Tabela 1 Identificação dos participantes
Mães | Idade (anos) | Localidade | Permanência no Espaço de Sofias | Idade gestacional (semanas) | Peso ao nascer (gramas) |
---|---|---|---|---|---|
M1 | 25 | Ribeirão das Neves | Sim | 25s | 485g |
M2 | 25 | Caeté | Não | 23s + 6 dias | 635g |
M3 | 26 | Matozinhos | Sim | 24s | 740g |
M4 | 37 | Curvelo | Sim | 24s | 550g |
M5 | 28 | João Monlevade | Sim | 27s + 5 dias | 1,10g |
M6 | 24 | Barbacena | Sim | 26s | 700g |
M7 | 26 | Nova Serrana | Sim | 24s + 5 dias | 1ºG: 640g e 2º G: 590g |
M8 | 22 | Ribeirão das Neves | Não | 27s | 1º G: 790g e 2º G: 795g |
M9 | 39 | Dores do Indaiá | Sim | 27s + 4 dias | 560g |
M10 | 24 | Belo Horizonte | Não | 24s + 4 dias | 1º G: 570g e 2º G: 610g |
M11 | 37 | Caeté | Não | 27s + 6 dias | 975g |
Fonte: Elaborado pelas autoras (2023).
Nota: G= gemelar; s= semanas.
A análise de conteúdo dos dados permitiu agrupá-los em duas categorias que serão apresentadas a seguir, juntamente com o resultado obtido a partir da escala ECP-UTIN:(i) como e quando as mães participam do cuidado do recém-nascido na UTIN; e (ii) a relação entre mãe, profissional e recém-nascido: o que dizem as mães.
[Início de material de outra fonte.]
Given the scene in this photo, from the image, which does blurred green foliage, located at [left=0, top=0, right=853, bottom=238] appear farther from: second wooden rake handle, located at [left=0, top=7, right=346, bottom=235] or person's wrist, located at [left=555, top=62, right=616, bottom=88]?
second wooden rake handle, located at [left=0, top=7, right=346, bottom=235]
COMO E QUANDO AS MãES PARTICIPAM DO CUIDADO DO RECéM-NASCIDO NA UTIN
Os resultados da escala classificaram as participantes quanto à capacidade de cuidado: 8 (72,7%) - suficiência moderada da capacidade de cuidado; 2 (18,2%) - suficiência da capacidade de cuidado; e 1 (9,1%) - insuficiência moderada da capacidade de cuidado. Nessa classificação final, escores mais altos indicam crenças maternas mais positivas em relação à criança e maior confiança no seu papel parental (Piva et al., 2018).
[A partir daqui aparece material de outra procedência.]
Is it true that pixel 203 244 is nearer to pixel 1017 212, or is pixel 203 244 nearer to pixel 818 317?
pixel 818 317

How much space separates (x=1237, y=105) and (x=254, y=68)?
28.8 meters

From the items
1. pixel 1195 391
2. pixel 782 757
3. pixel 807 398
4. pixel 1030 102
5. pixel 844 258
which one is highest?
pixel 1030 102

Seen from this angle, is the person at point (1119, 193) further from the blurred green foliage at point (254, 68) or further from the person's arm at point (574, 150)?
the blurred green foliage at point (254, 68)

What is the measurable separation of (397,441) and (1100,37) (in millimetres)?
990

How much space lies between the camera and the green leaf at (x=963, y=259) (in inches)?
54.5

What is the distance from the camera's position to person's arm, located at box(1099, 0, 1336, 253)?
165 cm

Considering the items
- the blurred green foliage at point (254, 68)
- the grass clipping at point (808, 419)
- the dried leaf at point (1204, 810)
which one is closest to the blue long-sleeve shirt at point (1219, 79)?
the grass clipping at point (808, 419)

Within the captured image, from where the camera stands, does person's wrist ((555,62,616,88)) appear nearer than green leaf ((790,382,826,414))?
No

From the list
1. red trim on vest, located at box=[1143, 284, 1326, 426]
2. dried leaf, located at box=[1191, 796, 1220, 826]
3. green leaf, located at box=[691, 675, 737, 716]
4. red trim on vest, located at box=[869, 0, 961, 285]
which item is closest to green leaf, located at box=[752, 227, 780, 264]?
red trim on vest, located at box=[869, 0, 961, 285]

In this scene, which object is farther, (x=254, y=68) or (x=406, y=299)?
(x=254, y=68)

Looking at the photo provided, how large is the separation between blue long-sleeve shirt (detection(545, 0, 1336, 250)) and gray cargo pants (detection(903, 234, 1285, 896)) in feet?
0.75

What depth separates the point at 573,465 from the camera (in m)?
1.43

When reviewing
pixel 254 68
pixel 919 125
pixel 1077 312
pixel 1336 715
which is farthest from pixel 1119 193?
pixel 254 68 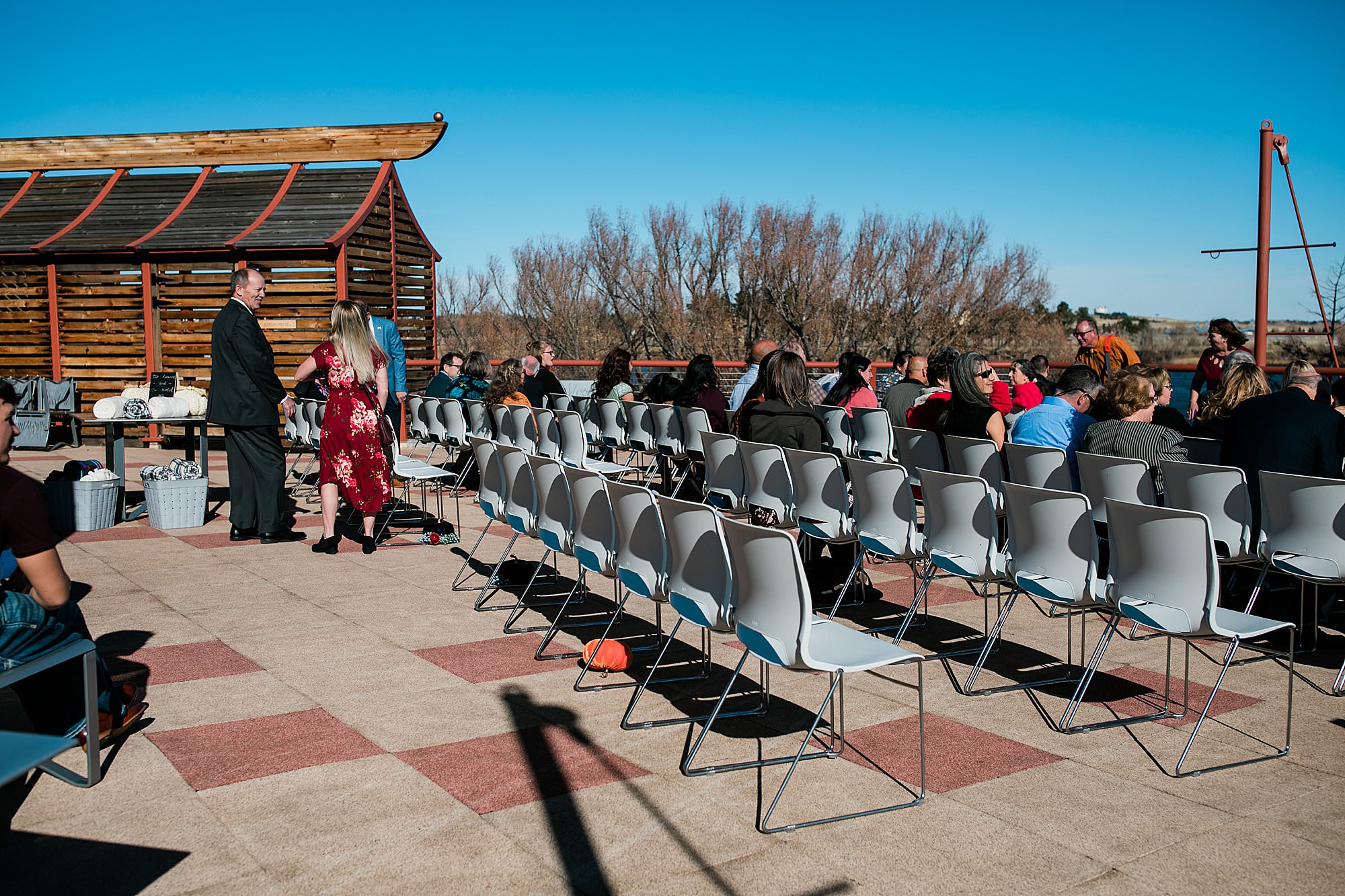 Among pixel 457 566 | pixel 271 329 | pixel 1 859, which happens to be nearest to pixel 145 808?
pixel 1 859

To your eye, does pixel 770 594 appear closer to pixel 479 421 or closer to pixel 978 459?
pixel 978 459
Verifica-se que a presença materna junto ao bebê está diretamente ligada à capacidade de cuidado, sendo apontada como um dos modos de cuidado por todas as mães entre os grupos suficiência, suficiência moderada e insuficiência moderada da capacidade de cuidado, o que pode ser resultante do direito assegurado pela instituição de oferecer condições para a presença materna na UTIN, possibilitando uma aproximação gradual com o bebê e o fortalecimento do papel materno.
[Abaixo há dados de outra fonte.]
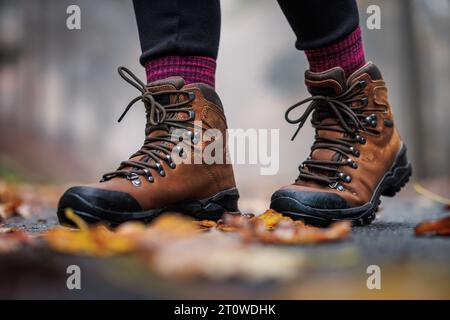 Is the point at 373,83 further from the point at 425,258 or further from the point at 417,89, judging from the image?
the point at 417,89

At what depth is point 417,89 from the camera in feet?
17.2

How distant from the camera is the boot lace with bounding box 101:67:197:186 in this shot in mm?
1145

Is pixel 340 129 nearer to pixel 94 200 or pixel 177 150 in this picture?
pixel 177 150

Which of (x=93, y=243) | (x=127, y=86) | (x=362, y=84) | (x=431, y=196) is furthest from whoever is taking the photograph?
(x=127, y=86)

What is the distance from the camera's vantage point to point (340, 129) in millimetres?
1233

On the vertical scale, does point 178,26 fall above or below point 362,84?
above

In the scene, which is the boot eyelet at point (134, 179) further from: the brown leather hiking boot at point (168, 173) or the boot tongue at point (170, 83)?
the boot tongue at point (170, 83)

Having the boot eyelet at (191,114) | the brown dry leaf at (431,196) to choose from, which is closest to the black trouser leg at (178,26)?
the boot eyelet at (191,114)

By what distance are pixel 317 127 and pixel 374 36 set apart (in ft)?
14.2

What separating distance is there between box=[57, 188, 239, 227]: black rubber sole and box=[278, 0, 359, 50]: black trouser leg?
1.41 ft

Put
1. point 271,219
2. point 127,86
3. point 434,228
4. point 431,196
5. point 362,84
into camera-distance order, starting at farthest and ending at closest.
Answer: point 127,86 → point 431,196 → point 362,84 → point 271,219 → point 434,228

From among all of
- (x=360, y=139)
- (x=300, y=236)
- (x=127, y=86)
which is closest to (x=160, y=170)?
(x=300, y=236)

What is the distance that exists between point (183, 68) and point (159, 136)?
0.57 feet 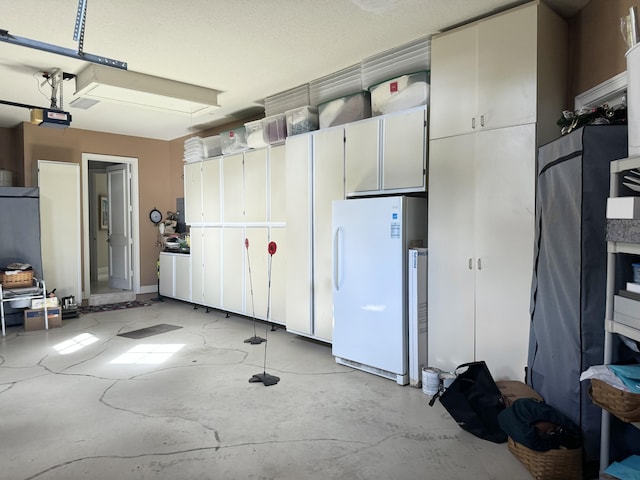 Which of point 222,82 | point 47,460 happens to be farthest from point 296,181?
point 47,460

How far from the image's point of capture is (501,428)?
260 cm

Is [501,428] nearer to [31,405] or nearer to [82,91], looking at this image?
[31,405]

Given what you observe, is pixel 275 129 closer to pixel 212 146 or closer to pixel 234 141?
pixel 234 141

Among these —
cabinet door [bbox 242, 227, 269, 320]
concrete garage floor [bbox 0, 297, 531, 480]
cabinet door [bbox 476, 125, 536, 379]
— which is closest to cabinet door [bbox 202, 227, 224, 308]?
cabinet door [bbox 242, 227, 269, 320]

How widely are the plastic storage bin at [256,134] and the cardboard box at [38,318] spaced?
3.51 meters

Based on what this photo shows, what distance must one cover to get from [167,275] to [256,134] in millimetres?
3276

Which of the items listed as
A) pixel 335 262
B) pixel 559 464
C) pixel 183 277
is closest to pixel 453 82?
pixel 335 262

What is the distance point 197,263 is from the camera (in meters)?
6.66

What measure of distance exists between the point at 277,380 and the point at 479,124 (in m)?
2.75

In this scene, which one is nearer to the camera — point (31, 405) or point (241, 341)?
point (31, 405)

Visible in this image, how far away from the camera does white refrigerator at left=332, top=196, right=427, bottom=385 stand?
3.59m

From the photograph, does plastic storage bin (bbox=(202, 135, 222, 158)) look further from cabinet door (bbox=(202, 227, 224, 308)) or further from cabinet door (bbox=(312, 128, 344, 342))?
cabinet door (bbox=(312, 128, 344, 342))

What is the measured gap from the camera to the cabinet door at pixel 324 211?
14.3ft

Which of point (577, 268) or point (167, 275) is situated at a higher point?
point (577, 268) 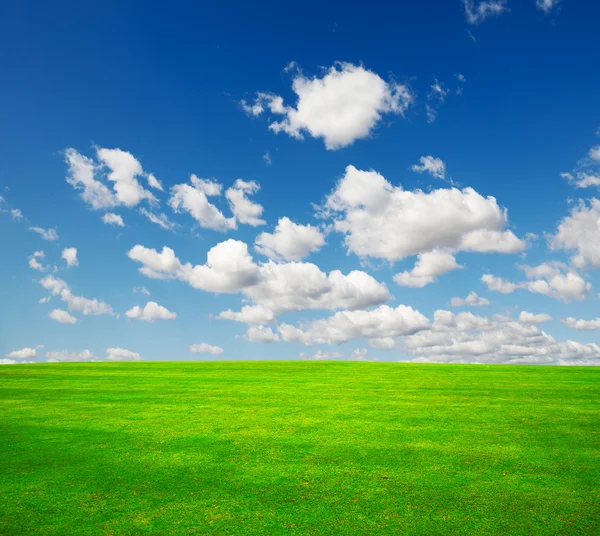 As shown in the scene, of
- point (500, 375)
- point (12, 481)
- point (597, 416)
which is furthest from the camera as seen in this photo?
point (500, 375)

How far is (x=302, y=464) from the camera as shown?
978 centimetres

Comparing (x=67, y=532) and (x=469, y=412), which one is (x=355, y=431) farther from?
(x=67, y=532)

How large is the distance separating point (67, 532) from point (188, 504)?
1.95 m

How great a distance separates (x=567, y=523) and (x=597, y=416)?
33.0 ft

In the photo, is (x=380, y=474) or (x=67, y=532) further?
(x=380, y=474)

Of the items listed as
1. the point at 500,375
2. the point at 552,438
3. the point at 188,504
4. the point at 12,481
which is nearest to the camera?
the point at 188,504

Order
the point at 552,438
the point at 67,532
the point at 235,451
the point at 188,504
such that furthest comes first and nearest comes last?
1. the point at 552,438
2. the point at 235,451
3. the point at 188,504
4. the point at 67,532

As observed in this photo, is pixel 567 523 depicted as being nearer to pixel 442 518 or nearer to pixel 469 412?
pixel 442 518

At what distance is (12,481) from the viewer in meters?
9.03

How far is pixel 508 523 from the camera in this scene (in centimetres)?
710

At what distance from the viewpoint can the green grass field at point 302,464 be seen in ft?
23.7

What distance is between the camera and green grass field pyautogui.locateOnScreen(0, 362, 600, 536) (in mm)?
7223

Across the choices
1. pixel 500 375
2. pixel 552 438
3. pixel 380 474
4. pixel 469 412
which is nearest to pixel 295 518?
pixel 380 474

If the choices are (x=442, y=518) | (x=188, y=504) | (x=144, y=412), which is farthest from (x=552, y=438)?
(x=144, y=412) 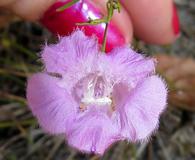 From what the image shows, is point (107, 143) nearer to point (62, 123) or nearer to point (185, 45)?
point (62, 123)

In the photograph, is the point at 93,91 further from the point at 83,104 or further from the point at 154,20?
the point at 154,20

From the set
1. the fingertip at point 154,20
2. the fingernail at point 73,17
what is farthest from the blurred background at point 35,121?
the fingernail at point 73,17

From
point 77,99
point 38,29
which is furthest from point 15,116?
point 77,99

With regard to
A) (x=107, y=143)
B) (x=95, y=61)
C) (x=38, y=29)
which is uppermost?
(x=95, y=61)

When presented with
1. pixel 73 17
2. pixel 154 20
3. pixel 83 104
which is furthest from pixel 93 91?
pixel 154 20

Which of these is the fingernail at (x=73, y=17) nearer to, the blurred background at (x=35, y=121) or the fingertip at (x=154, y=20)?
the fingertip at (x=154, y=20)

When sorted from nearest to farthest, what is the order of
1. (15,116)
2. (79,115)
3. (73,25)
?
(79,115) → (73,25) → (15,116) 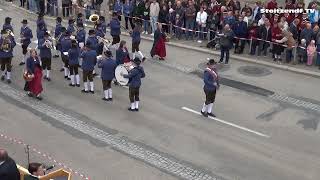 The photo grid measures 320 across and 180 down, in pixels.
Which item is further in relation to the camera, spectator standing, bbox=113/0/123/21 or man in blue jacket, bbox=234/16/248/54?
spectator standing, bbox=113/0/123/21

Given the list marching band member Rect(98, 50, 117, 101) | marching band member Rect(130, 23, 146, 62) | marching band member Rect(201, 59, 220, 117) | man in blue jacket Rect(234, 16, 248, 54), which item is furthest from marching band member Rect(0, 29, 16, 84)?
man in blue jacket Rect(234, 16, 248, 54)

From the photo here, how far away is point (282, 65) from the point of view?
2231cm

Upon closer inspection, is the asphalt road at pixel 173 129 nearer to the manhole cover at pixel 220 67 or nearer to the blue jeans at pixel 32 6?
the manhole cover at pixel 220 67

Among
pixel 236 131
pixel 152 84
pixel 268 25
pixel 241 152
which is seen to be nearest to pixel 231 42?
pixel 268 25

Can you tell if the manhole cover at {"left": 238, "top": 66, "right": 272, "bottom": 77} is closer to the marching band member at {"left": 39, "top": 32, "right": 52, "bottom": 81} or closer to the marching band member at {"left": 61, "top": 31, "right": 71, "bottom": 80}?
the marching band member at {"left": 61, "top": 31, "right": 71, "bottom": 80}

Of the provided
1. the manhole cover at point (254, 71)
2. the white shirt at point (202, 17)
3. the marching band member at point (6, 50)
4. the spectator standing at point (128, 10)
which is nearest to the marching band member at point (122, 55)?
the marching band member at point (6, 50)

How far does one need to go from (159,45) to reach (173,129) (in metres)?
6.66

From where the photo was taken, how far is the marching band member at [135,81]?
1711 centimetres

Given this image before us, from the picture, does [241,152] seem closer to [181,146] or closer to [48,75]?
[181,146]

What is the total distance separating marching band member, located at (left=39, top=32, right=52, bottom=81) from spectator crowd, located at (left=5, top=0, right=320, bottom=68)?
21.5 ft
“Bom, eu venho aqui né?!, diariamente, porque eu sei o papel importante que a mãe tem na vida de um filho.” (M2)
A presença materna na unidade neonatal foi apontada por todas as participantes como uma forma de participar do cuidado ao filho durante o processo de hospitalização, seja por meio de visitas diárias ou pela permanência em período integral, com o apoio do “Espaço de Sofias”. Esse suporte mostrou-se especialmente relevante para mães provenientes de outras cidades do estado, ressaltando a importância de as instituições de saúde oferecerem condições adequadas para a permanência materna. Essa possibilidade pode configurar um ambiente facilitador para a participação da mãe no cuidado durante a internação do bebê na UTIN.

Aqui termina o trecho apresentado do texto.